▶ _Task brief_
Everything from the line containing "Zonguldak'ta feci kaza!" to the last line of the material below must be retyped exactly, both ends included; skip the pictures.

▶ _Data shown_
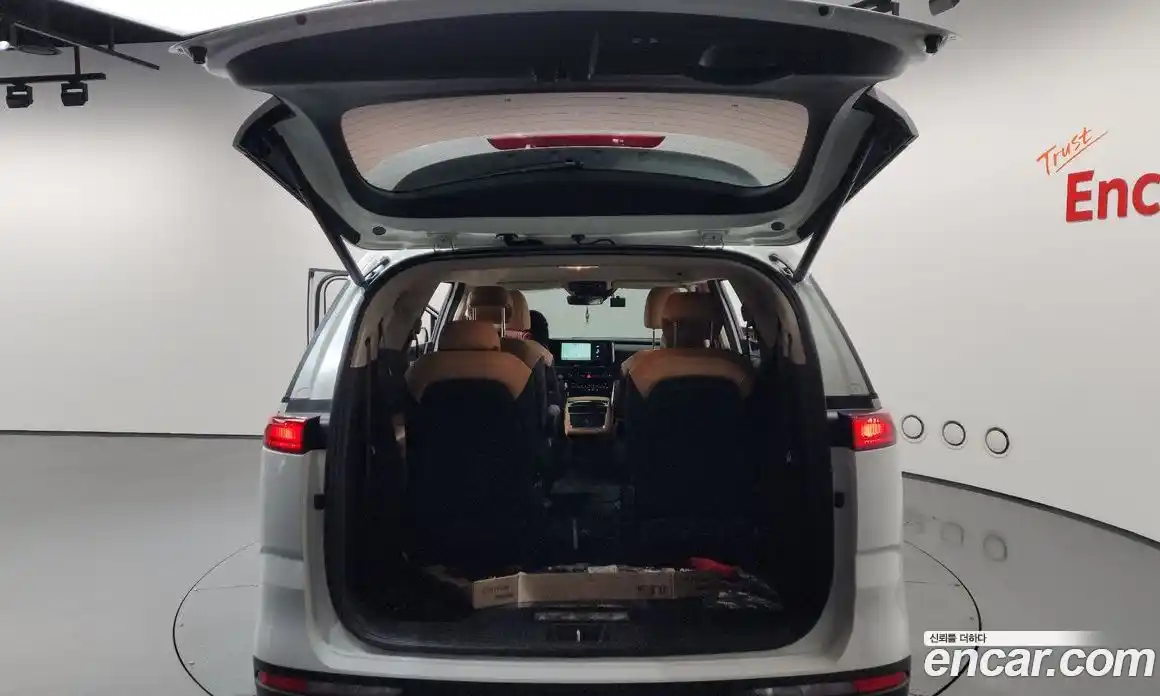Kia Carnival 2022 2.2 автомат (гидро), фото 23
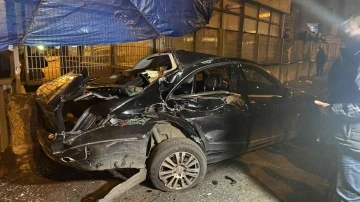 Zonguldak'ta feci kaza! Trenin çarptığı otomobil hurdaya döndü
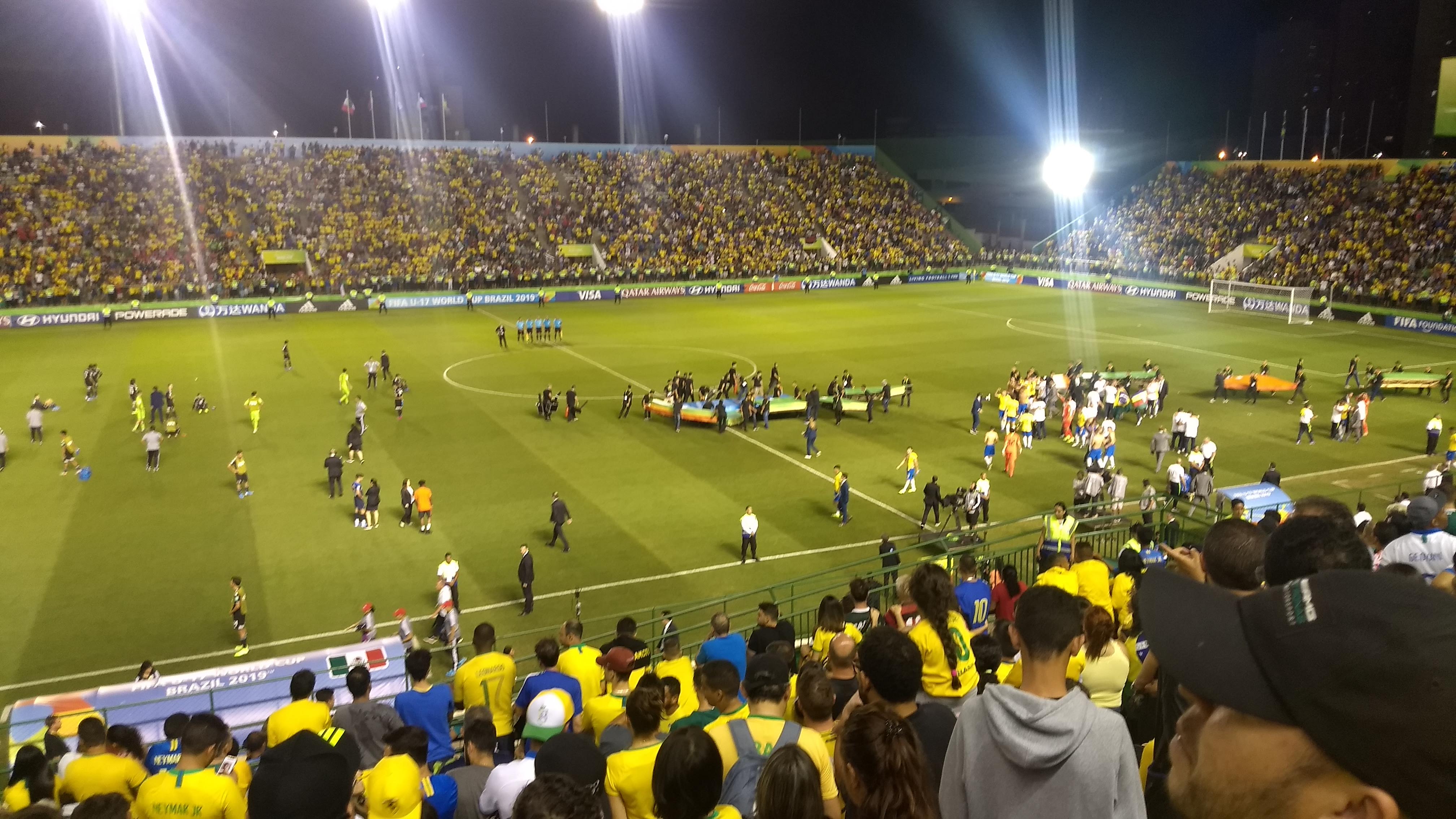 Talles recebe medalha de campeão do Mundial Sub-17 na sede da CBF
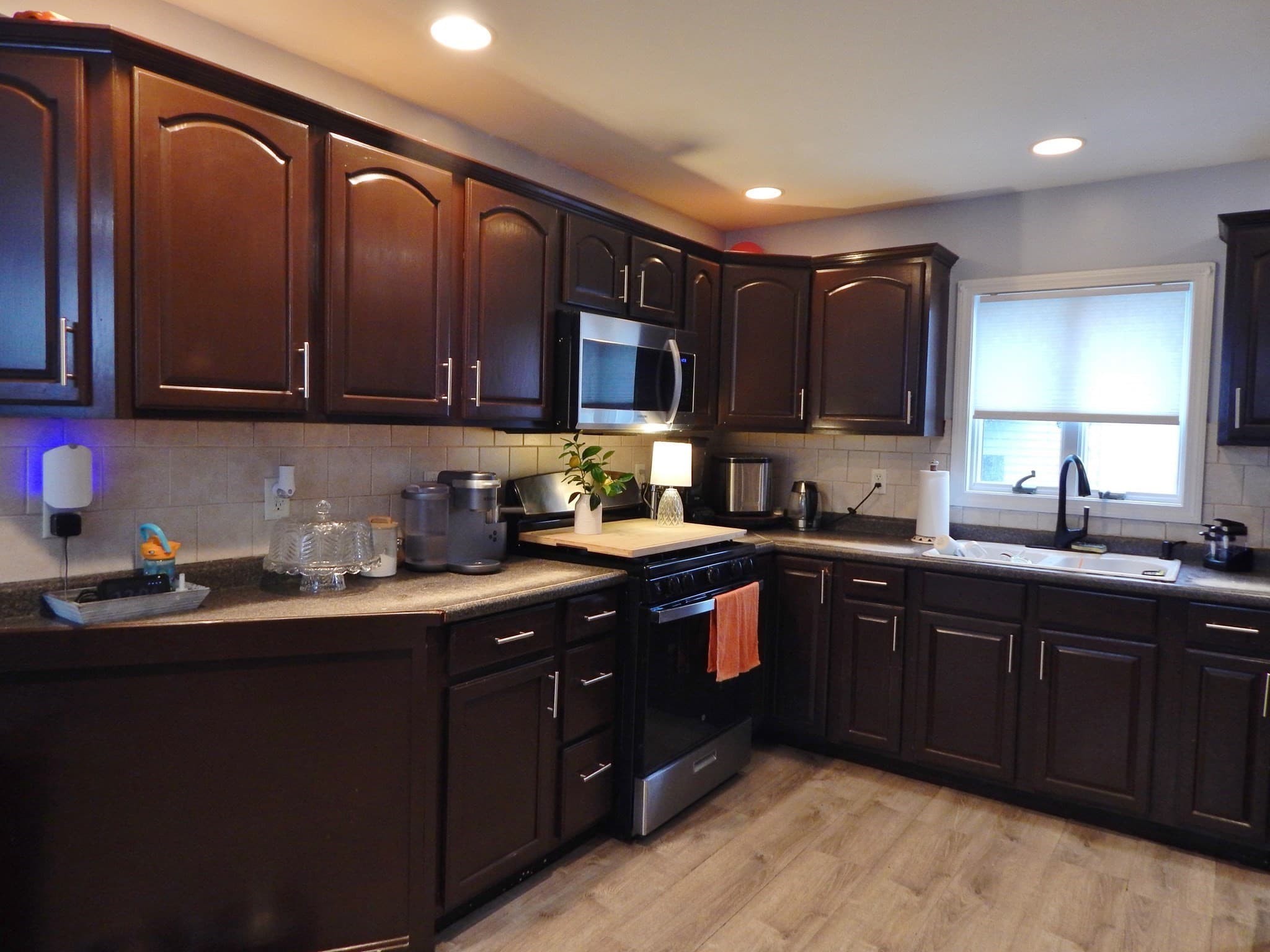 Single Family Residence at 167 Washington St, New Bedford MA 02740, photo 14 of 42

▶ _Answer area_
 Zonguldak'ta feci kaza! Trenin çarptığı otomobil hurdaya döndü
 Talles recebe medalha de campeão do Mundial Sub-17 na sede da CBF
 Single Family Residence at 167 Washington St, New Bedford MA 02740, photo 14 of 42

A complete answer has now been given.